Try it: Please set down, word for word, each line from the one containing "GUCCI GG Marmont Quilted Leather Bag" through the final line of the records below, both included, and nothing else.

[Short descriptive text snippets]
##############################
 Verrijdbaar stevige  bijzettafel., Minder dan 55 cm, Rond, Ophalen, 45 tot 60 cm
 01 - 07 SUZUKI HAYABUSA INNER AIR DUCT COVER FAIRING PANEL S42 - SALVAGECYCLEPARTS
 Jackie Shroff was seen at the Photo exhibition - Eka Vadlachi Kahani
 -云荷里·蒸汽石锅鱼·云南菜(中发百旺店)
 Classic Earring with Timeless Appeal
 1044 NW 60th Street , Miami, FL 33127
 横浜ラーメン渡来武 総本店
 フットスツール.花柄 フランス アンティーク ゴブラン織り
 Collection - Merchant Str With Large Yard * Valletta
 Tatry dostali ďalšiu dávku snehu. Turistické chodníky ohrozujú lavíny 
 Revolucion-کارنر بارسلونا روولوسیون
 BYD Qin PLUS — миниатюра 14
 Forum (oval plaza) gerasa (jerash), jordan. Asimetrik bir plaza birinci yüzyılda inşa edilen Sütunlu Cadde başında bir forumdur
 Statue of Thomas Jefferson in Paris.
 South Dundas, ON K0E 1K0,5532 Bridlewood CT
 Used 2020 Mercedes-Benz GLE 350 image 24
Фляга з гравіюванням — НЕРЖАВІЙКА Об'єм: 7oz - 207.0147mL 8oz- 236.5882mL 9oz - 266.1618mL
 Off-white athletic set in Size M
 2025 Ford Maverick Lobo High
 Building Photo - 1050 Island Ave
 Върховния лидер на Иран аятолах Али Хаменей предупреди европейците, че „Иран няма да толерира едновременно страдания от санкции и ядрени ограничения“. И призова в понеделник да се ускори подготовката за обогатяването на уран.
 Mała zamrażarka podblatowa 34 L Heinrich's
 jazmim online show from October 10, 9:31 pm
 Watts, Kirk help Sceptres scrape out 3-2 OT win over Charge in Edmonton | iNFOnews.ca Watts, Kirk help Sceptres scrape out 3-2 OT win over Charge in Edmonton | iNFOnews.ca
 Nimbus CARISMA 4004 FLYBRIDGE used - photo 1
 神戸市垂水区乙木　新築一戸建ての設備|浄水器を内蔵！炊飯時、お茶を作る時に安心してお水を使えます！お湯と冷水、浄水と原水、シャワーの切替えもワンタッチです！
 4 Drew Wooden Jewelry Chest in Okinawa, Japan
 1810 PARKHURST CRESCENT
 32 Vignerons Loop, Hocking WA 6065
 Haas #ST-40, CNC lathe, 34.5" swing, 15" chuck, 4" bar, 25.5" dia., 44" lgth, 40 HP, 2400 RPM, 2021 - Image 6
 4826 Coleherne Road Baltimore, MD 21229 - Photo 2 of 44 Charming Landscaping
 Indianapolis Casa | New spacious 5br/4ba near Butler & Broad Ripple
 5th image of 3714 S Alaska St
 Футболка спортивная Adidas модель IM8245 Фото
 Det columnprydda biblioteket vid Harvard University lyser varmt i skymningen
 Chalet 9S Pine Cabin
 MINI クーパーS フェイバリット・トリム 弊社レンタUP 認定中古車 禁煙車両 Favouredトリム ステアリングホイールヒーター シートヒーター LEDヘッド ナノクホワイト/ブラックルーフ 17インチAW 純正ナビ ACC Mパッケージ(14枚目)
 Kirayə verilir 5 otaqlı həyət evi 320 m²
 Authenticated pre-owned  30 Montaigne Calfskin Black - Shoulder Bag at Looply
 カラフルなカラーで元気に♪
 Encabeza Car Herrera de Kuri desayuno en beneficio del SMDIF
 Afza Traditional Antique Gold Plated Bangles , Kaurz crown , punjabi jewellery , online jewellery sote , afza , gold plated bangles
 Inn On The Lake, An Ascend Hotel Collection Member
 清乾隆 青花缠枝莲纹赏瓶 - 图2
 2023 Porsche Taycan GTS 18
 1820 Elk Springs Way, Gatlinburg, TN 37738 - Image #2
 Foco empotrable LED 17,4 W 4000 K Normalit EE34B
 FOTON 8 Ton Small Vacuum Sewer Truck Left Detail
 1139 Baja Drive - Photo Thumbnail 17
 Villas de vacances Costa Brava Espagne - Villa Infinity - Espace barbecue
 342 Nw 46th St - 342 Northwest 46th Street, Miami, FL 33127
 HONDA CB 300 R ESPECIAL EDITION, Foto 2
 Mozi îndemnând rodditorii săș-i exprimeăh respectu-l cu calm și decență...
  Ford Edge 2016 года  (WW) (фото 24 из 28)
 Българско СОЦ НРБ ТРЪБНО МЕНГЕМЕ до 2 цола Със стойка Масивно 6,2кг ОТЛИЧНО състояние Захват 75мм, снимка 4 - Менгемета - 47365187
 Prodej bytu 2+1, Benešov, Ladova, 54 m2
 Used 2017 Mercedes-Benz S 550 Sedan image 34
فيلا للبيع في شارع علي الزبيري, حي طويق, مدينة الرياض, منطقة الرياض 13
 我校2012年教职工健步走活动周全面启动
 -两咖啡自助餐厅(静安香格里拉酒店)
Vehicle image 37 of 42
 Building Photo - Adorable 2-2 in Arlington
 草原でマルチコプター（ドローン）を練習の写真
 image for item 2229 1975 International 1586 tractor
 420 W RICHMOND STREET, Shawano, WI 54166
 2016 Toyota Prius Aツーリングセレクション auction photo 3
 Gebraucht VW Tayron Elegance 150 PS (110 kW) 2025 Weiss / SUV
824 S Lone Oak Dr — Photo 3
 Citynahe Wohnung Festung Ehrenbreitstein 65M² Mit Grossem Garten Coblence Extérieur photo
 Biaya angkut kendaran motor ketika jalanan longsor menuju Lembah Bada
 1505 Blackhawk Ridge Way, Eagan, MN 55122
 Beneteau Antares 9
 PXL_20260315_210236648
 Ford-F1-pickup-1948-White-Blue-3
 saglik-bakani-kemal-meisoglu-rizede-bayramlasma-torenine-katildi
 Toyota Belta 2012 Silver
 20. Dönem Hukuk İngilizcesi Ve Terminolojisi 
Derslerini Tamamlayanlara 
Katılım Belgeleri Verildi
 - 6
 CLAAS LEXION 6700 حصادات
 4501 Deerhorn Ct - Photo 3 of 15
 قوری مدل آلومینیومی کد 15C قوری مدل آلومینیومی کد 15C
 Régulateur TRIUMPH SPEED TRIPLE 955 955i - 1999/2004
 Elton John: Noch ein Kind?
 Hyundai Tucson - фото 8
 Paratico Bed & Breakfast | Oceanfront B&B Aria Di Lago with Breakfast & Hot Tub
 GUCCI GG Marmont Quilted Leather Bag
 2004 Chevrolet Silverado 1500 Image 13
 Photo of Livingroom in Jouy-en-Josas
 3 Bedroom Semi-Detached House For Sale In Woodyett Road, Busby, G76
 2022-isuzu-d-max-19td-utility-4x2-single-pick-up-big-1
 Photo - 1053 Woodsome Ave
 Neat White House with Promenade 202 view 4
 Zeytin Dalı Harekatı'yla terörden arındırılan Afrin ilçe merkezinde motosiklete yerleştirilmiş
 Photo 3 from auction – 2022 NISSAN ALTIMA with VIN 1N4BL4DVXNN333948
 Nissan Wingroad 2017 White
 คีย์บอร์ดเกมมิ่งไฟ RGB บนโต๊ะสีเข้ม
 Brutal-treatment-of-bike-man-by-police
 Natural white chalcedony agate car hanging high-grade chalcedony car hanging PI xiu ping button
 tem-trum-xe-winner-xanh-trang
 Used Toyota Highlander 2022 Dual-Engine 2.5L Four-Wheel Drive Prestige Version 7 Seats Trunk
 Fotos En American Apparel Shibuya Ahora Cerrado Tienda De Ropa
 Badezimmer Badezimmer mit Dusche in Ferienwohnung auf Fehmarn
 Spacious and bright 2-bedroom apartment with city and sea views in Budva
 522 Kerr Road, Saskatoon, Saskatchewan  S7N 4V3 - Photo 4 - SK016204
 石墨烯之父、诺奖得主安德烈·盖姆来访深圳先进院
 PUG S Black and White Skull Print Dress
##############################
Result of this exercise:
 GUCCI GG Marmont Quilted Leather Bag
 2004 Chevrolet Silverado 1500 Image 13
 Photo of Livingroom in Jouy-en-Josas
 3 Bedroom Semi-Detached House For Sale In Woodyett Road, Busby, G76
 2022-isuzu-d-max-19td-utility-4x2-single-pick-up-big-1
 Photo - 1053 Woodsome Ave
 Neat White House with Promenade 202 view 4
 Zeytin Dalı Harekatı'yla terörden arındırılan Afrin ilçe merkezinde motosiklete yerleştirilmiş
 Photo 3 from auction – 2022 NISSAN ALTIMA with VIN 1N4BL4DVXNN333948
 Nissan Wingroad 2017 White
 คีย์บอร์ดเกมมิ่งไฟ RGB บนโต๊ะสีเข้ม
 Brutal-treatment-of-bike-man-by-police
 Natural white chalcedony agate car hanging high-grade chalcedony car hanging PI xiu ping button
 tem-trum-xe-winner-xanh-trang
 Used Toyota Highlander 2022 Dual-Engine 2.5L Four-Wheel Drive Prestige Version 7 Seats Trunk
 Fotos En American Apparel Shibuya Ahora Cerrado Tienda De Ropa
 Badezimmer Badezimmer mit Dusche in Ferienwohnung auf Fehmarn
 Spacious and bright 2-bedroom apartment with city and sea views in Budva
 522 Kerr Road, Saskatoon, Saskatchewan  S7N 4V3 - Photo 4 - SK016204
 石墨烯之父、诺奖得主安德烈·盖姆来访深圳先进院
 PUG S Black and White Skull Print Dress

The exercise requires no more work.